## What to do
Return the material below exactly, but only from the line with "Merry Christmas Ornament" through the line with "ABC life Magazine", and without its pictures.

<<<<

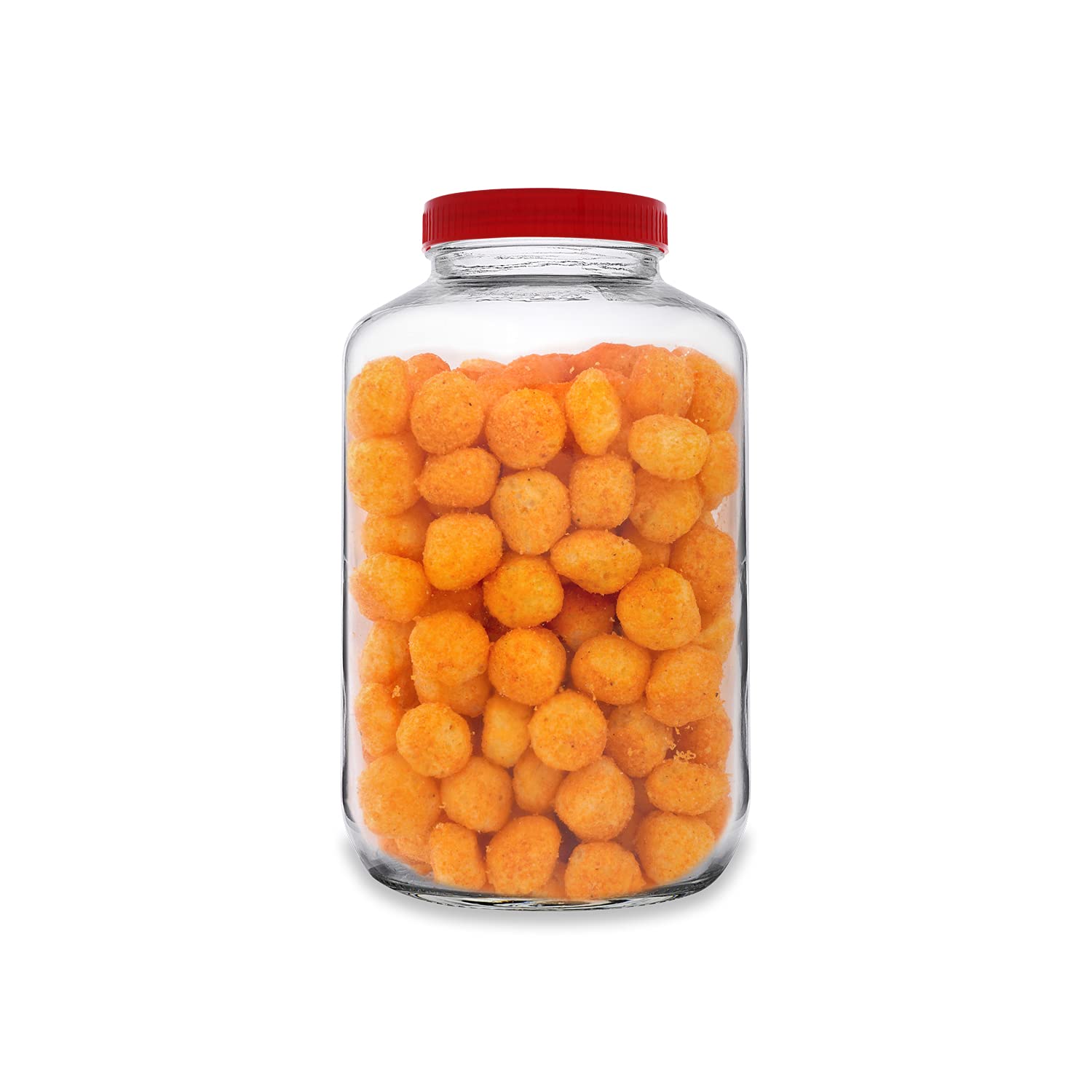 Croco Jar Glass Red Storage Container - 12 Piece Set, Round Shape, Transparent Glass Material, Screw Type Cap For Kitchen Storage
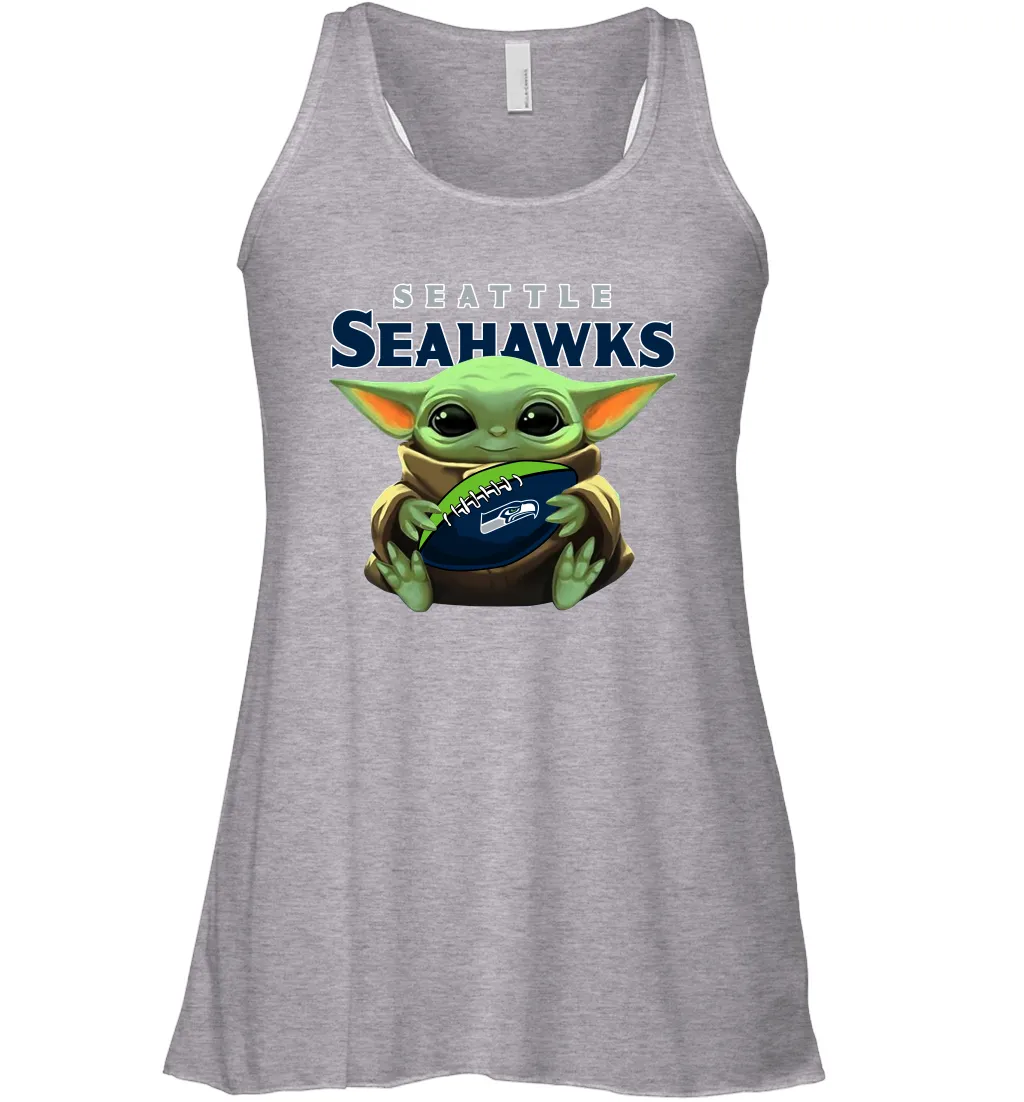 Baby Yoda Loves The Seattle Seahawks Star Wars Baby Yoda Hugs Seahawks NFL Womens Racerback Tank Top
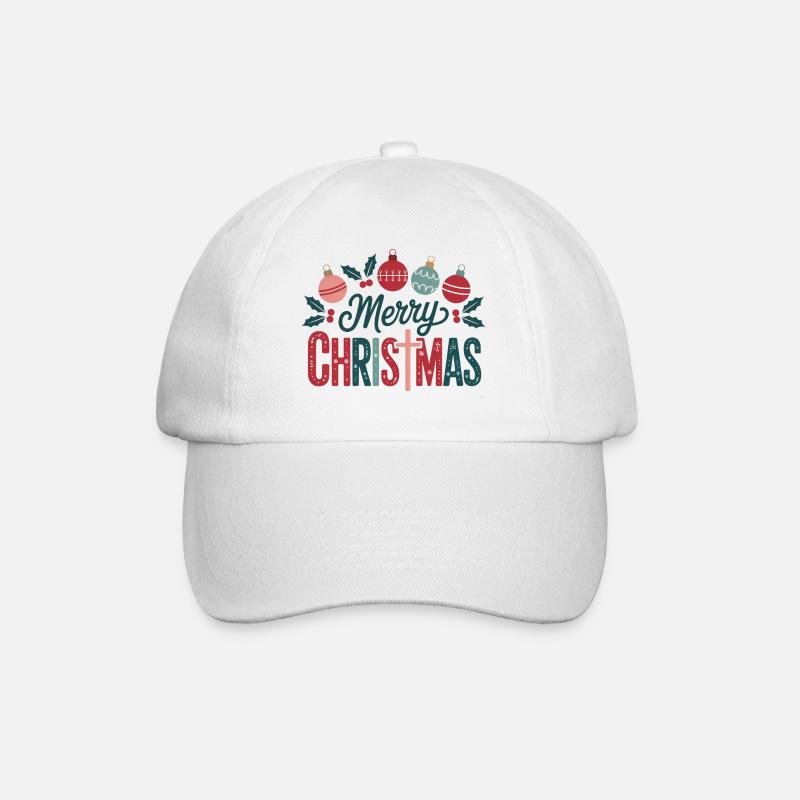 Merry Christmas Ornament Graphics - Baseball Cap - white/white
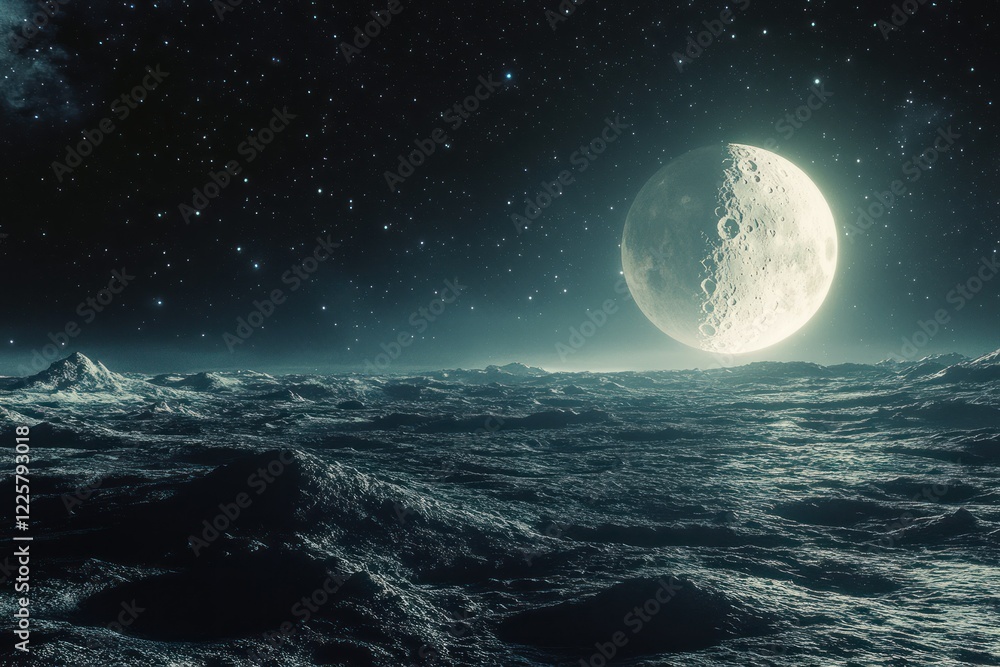 Stunning view of the moon's surface under a starry night sky, showcasing craters and celestial beauty in deep space Stunning view of the moon's surface under a starry night sky, showcasing craters and celestial beauty in deep space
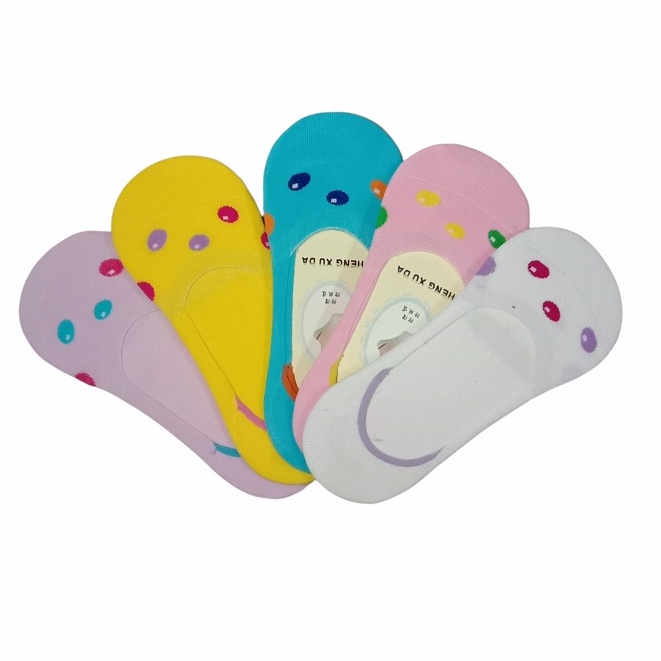 Kaos Kaki Pendek Wanita Invisible Korea Style Hidden 1Pasang (Bahan Katun)(Campur)-4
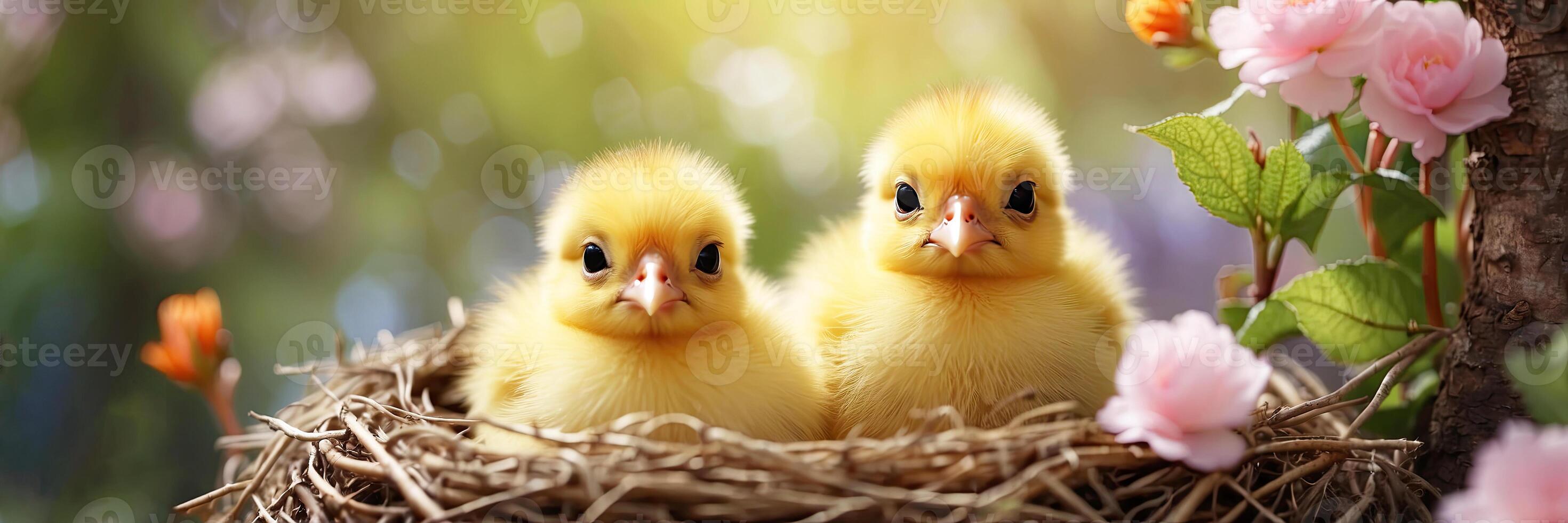 ai gegenereerd schattig pluizig geel kuikens in een voorjaar bloeiend nest van twijgen en bloemen in natuur. voorjaar kaart, voorjaar tijd, kinderen, jeugd. ai gegenereerd foto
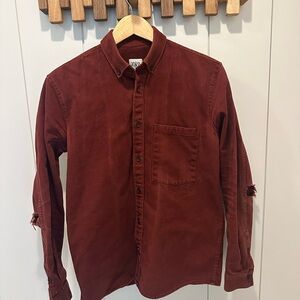 Zara Men's Button-Down Shirt in Rust Red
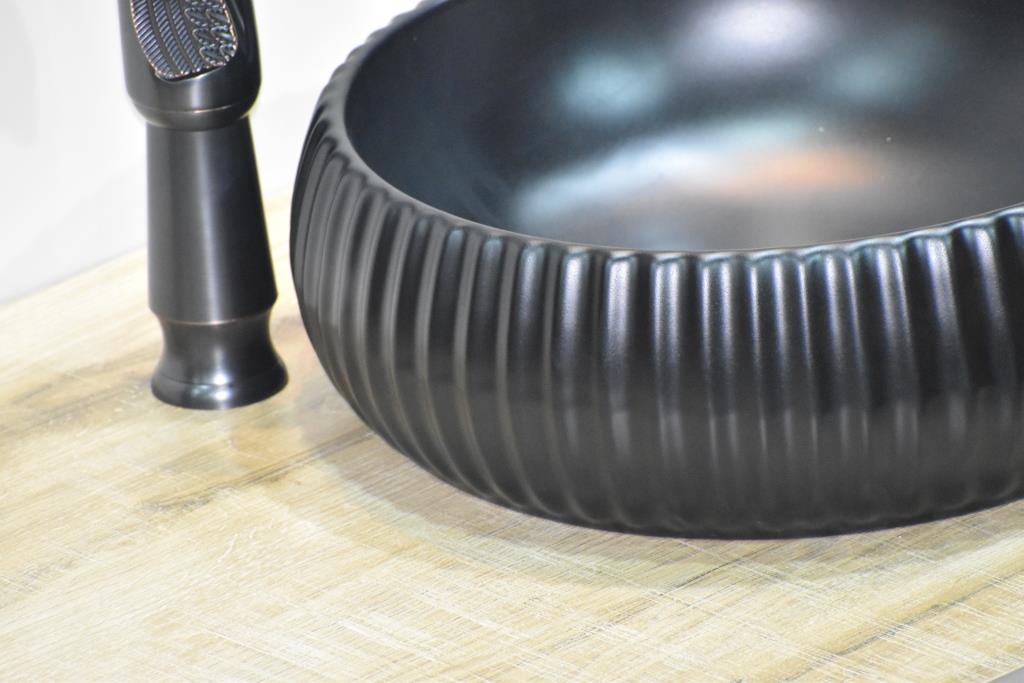 InArt Round Bathroom Ceramic Vessel Sink Art Basin in Black Matte Color - InArt-Studio-USA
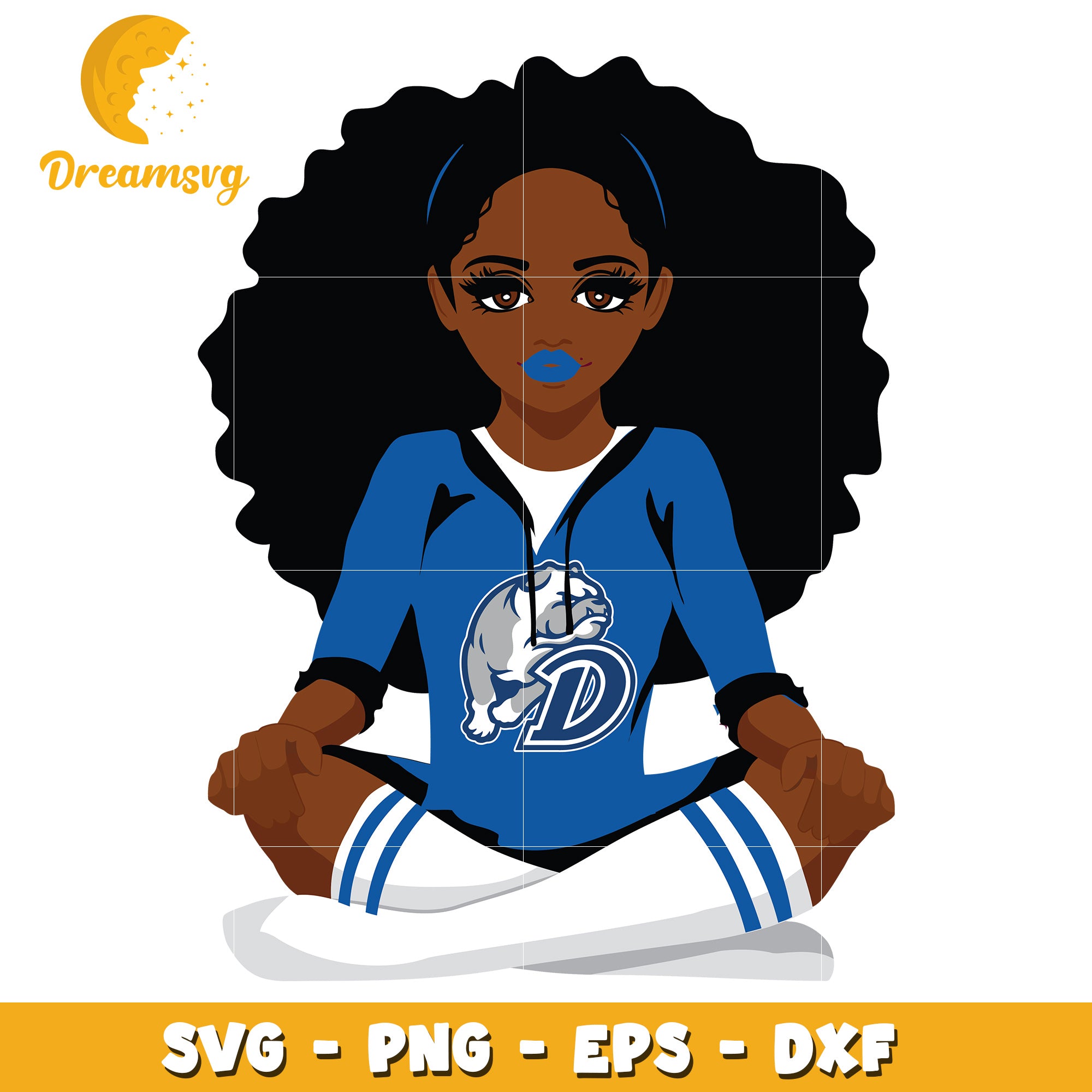Stylish Black Girl in Blue Jersey SVG Digital Art Design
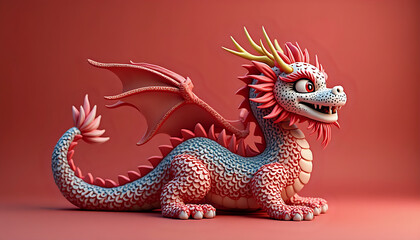 Obraz premium a 3d model of a red dragon on a red background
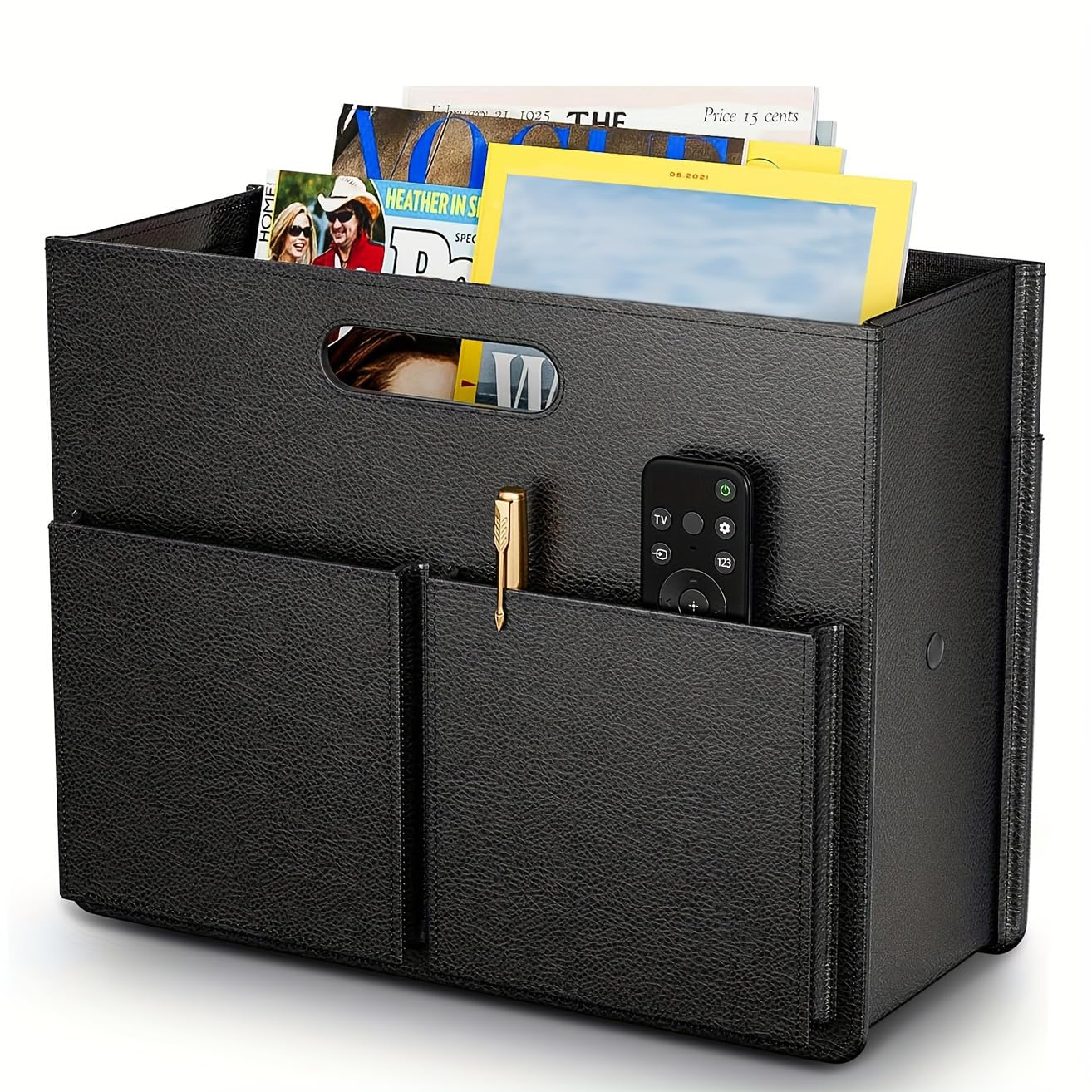 ABC life Magazine Holder, Stable Magazine Rack Floor, Black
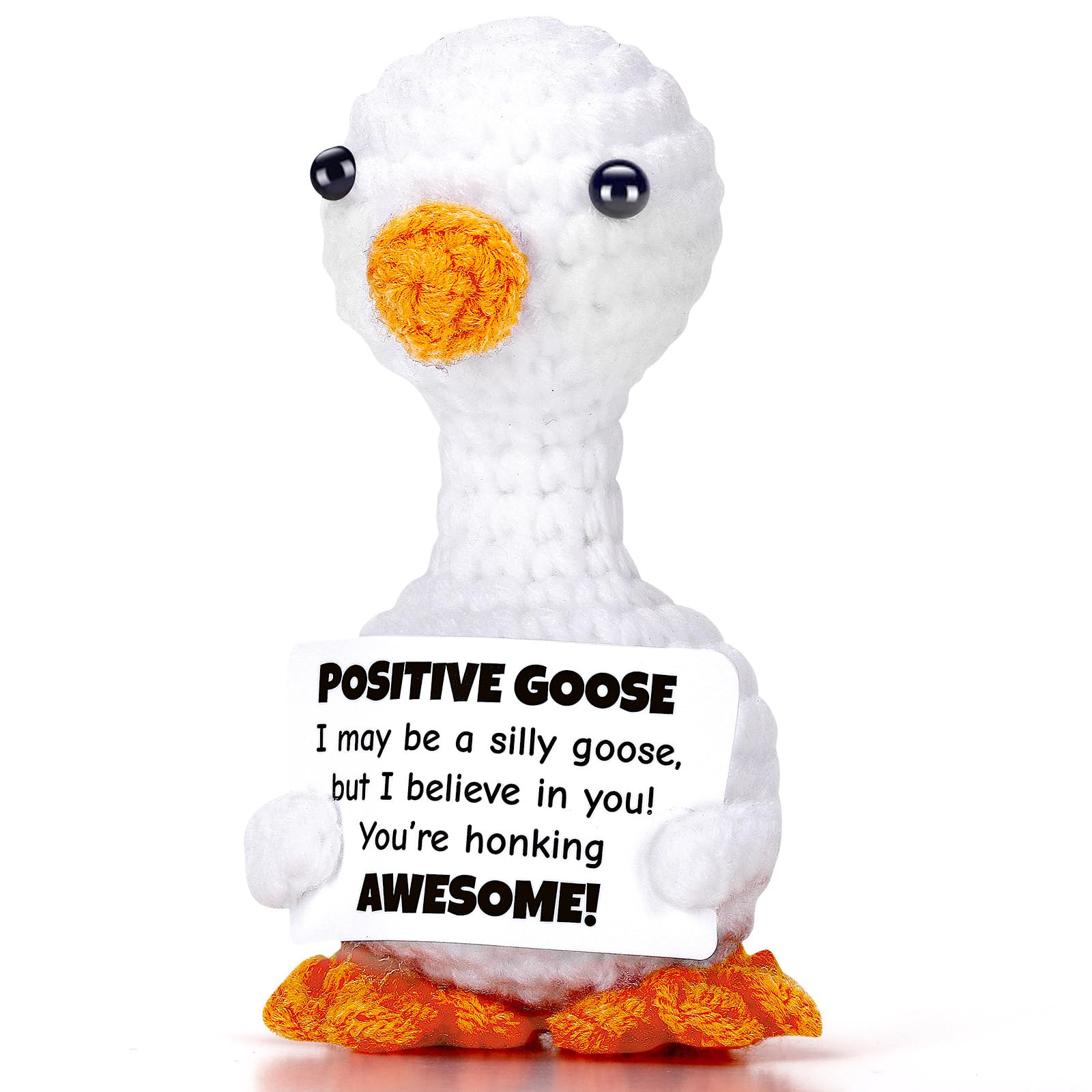 Juleasel Mini Goose Positive Crochet Animal Emotional Support Crochet Desk Goose With Positive Card For Coworkers Best Friend En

>>>>

## Response to this task
 Merry Christmas Ornament Graphics - Baseball Cap - white/white
 Stunning view of the moon's surface under a starry night sky, showcasing craters and celestial beauty in deep space Stunning view of the moon's surface under a starry night sky, showcasing craters and celestial beauty in deep space
 Kaos Kaki Pendek Wanita Invisible Korea Style Hidden 1Pasang (Bahan Katun)(Campur)-4
 ai gegenereerd schattig pluizig geel kuikens in een voorjaar bloeiend nest van twijgen en bloemen in natuur. voorjaar kaart, voorjaar tijd, kinderen, jeugd. ai gegenereerd foto
 Zara Men's Button-Down Shirt in Rust Red
 InArt Round Bathroom Ceramic Vessel Sink Art Basin in Black Matte Color - InArt-Studio-USA
Stylish Black Girl in Blue Jersey SVG Digital Art Design
 Obraz premium a 3d model of a red dragon on a red background
 ABC life Magazine Holder, Stable Magazine Rack Floor, Black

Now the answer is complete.